Change in Body Weight and BMI in PWH with DOR/3TC/TDF Compared with INSTI

Phase 4

Recruiting

• Conditions: HIV; HIV Associate Weight Loss; HIV-1 Infection; Integrase Inhibitors, HIV; HIV PROTEASE INHIB; Weight Change; Weight Loss
• Interventions: Drug: Integrase inhibitor; Drug: Doravirine + tenofovir DF + lamivudine

• Registration Number: NCT06602622
• Lead Sponsor: Instituto Mexicano del Seguro Social

Brief Summary

Patients who developed metabolic syndrome after initiation of HIV treatment or with antiretroviral therapy (ART) for at least 36 months, treated with second generation integrase inhibitors (BIC/TAF/FTC, DTG/ABC/3Tc or DTG+TDF/FTC) who have gained at least 10% of their total body weight after starting ART, with a body mass index ≥25 kg/m2 and body fat greater than 20% will be eligible to participate in this clinical trial. If they decide to participate, they will sign an informed consent. After this, a mobile application will randomly decide whether the participant will continue with their ART regimen or switch to another ART (listed in the guidelines as one of the main lines of treatment) containing doravirine/lamivudine/disoproxil fumarate tenofovir. Medical visits will be at 1 month, 3 months, 6 months, 9 months, and 12 months after get in to this protocol, with laboratory studies that evaluate fats, blood sugar, liver function, kidney function, and test for HIV control; in addition, each visit will be given self-fillable scales to evaluate neuropsychiatric disorders such as depression, anxiety, insomnia, satisfaction with treatment or symptoms associated with it.The aim of the study is to observe whether there is weight loss with the change in HIV treatment.

Detailed Description

Open-label, randomized clinical trial, conducted at the infectious disease hospital, La Raza National Medical Center, Mexico City, from July 2024 to November 2025.

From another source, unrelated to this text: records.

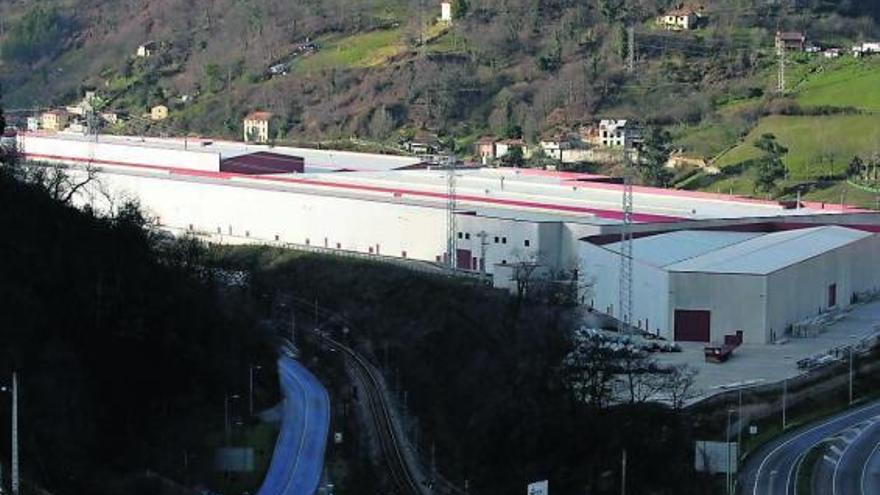La factoría de Alas Aluminium, construida en la escombrera del pozo María Luisa de Ciaño.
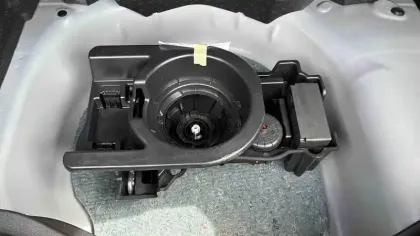 Photo 10 Jeep Avenger  1.2 Turbo T3 110 ch e-Hybrid BVR6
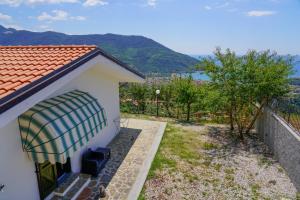 Villetta San Martino في Torraca: إطلالة على منزل مع نافذة وسقف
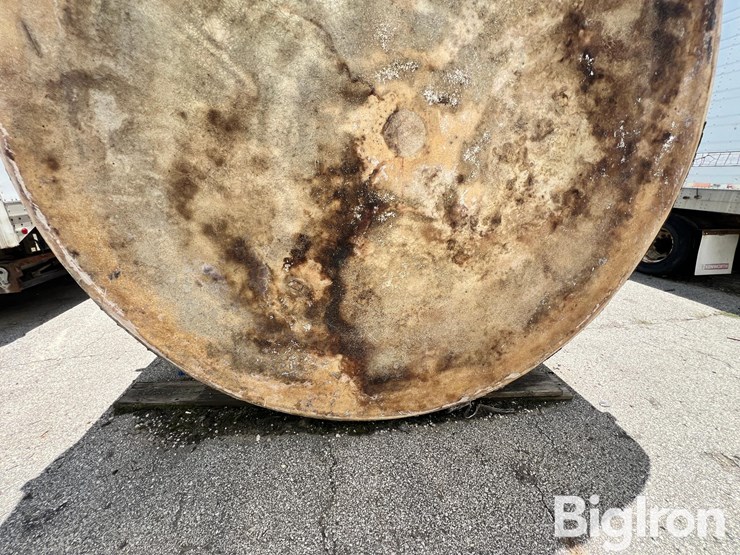 8,000-gallon-(approx.)-fiberglass-liquid-feed-storage-tank-image-7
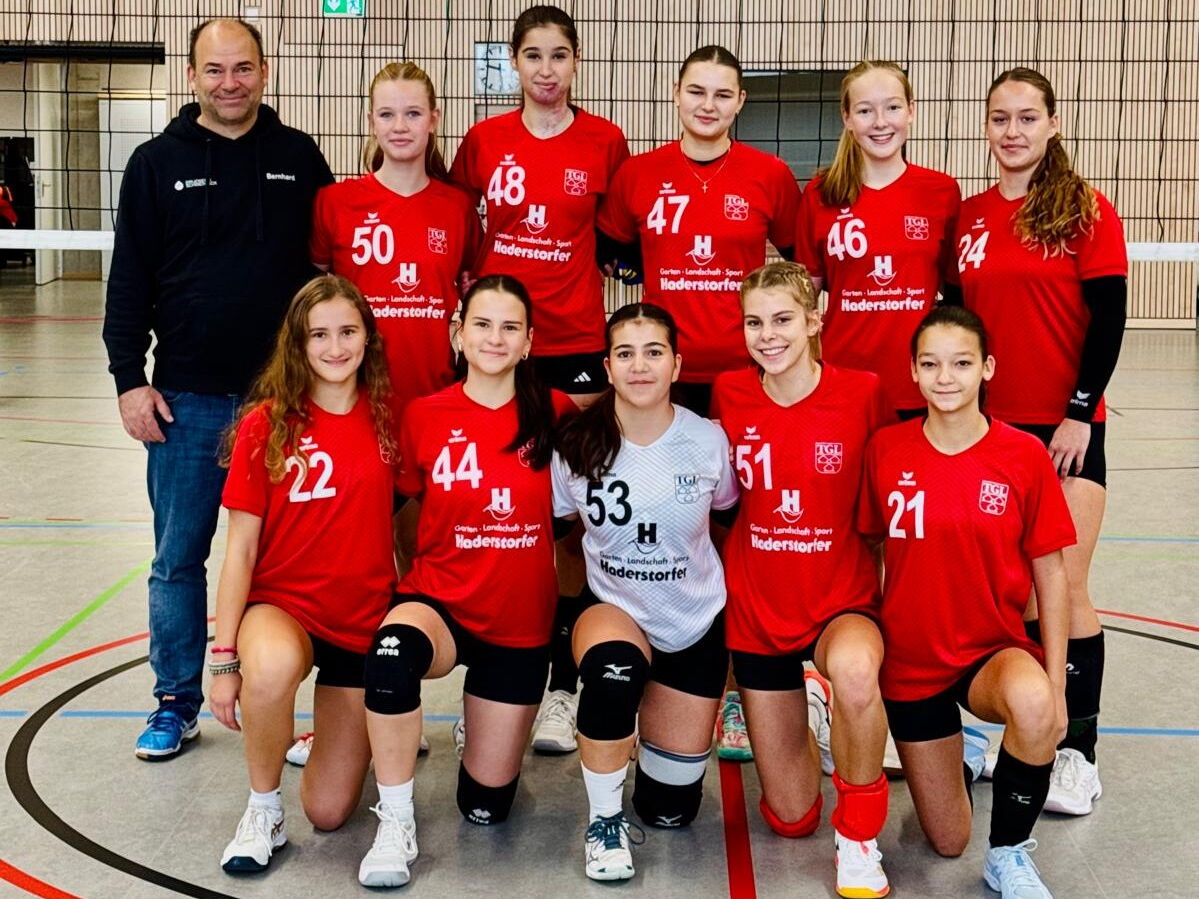 Die 3. Damenmannschaft des Turnvereins Landshut stehen in einheitlichen Trikots vor dem Volleyballnetz..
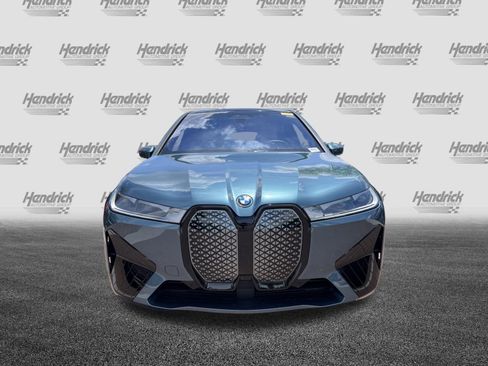 Used 2024 BMW iX xDrive50 w/ Sport Package AWD/4WD image 3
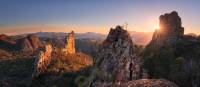 Sun rising over the Breadknife rock formation in Warrumbungle National Park. | Destination NSW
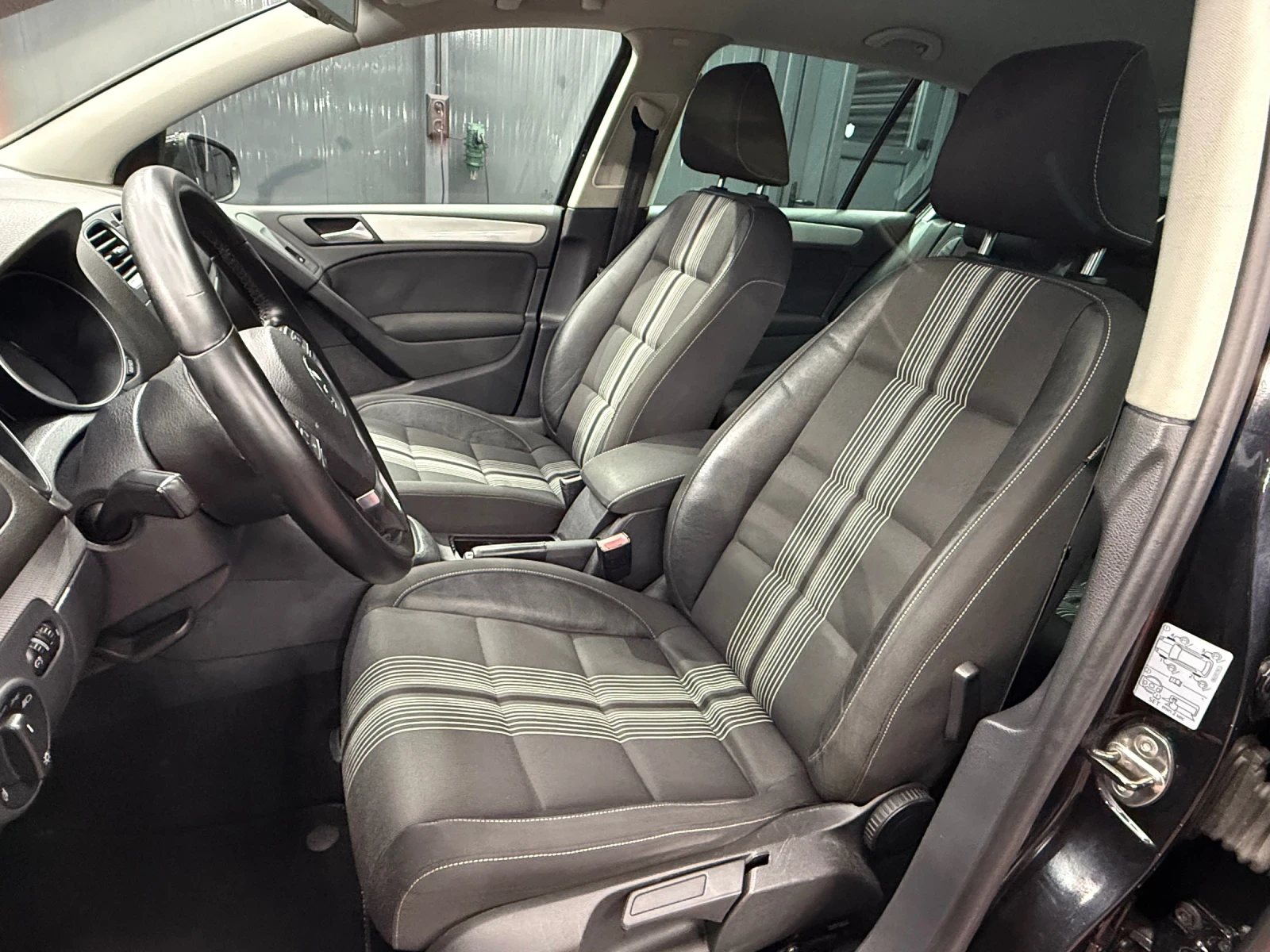 VW Golf 1.6 TDI MATCH, снимка 6 - Автомобили и джипове - 56728312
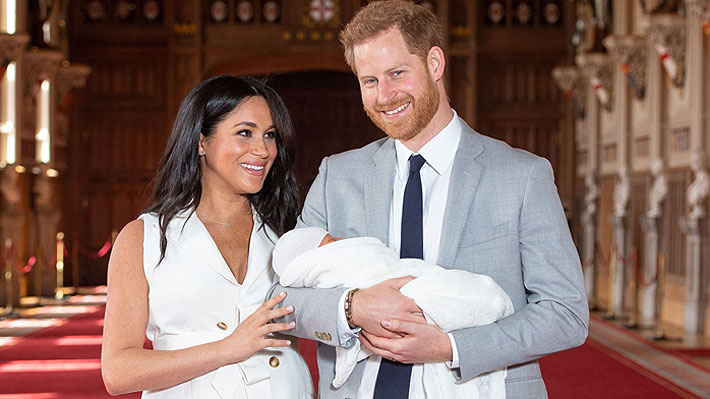 Duques de Sussex comparten adorable fotografía de su hijo Archie con motivo del Día del Padre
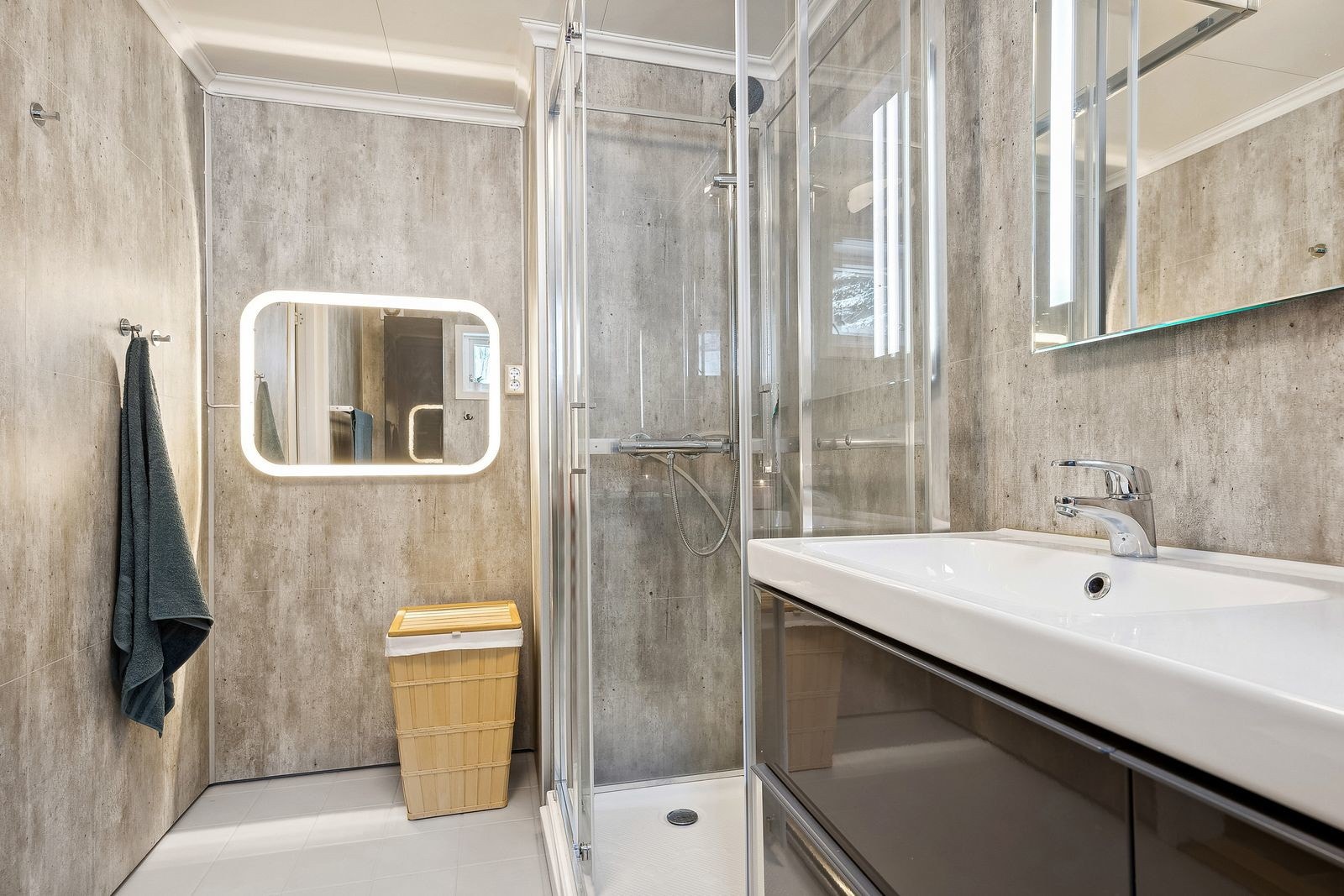 Badet har praktisk innredning med god skap- og skuffeplass. Galleribilde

The aim of the study is to determine the percentage change in body weight and BMI in virologically suppressed PWH maintaining a second-generation INSTI (BIC/TAF/FTC, DTG/ABC/3TC or DTG+TDF/FTC) regimen compared with those switching to DOR/3TC/TDF at 48 weeks post-switch.

PWH who are on a second-generation INSTI regimen who are virologically suppressed (HIV-1 RNA minor to 50 copies/mL) and have gained ≥10% of their body weight compared to their weight before starting ART, BMI ≥25 kg/m2, and body fat greater than 20% will be identified, and invited to participate.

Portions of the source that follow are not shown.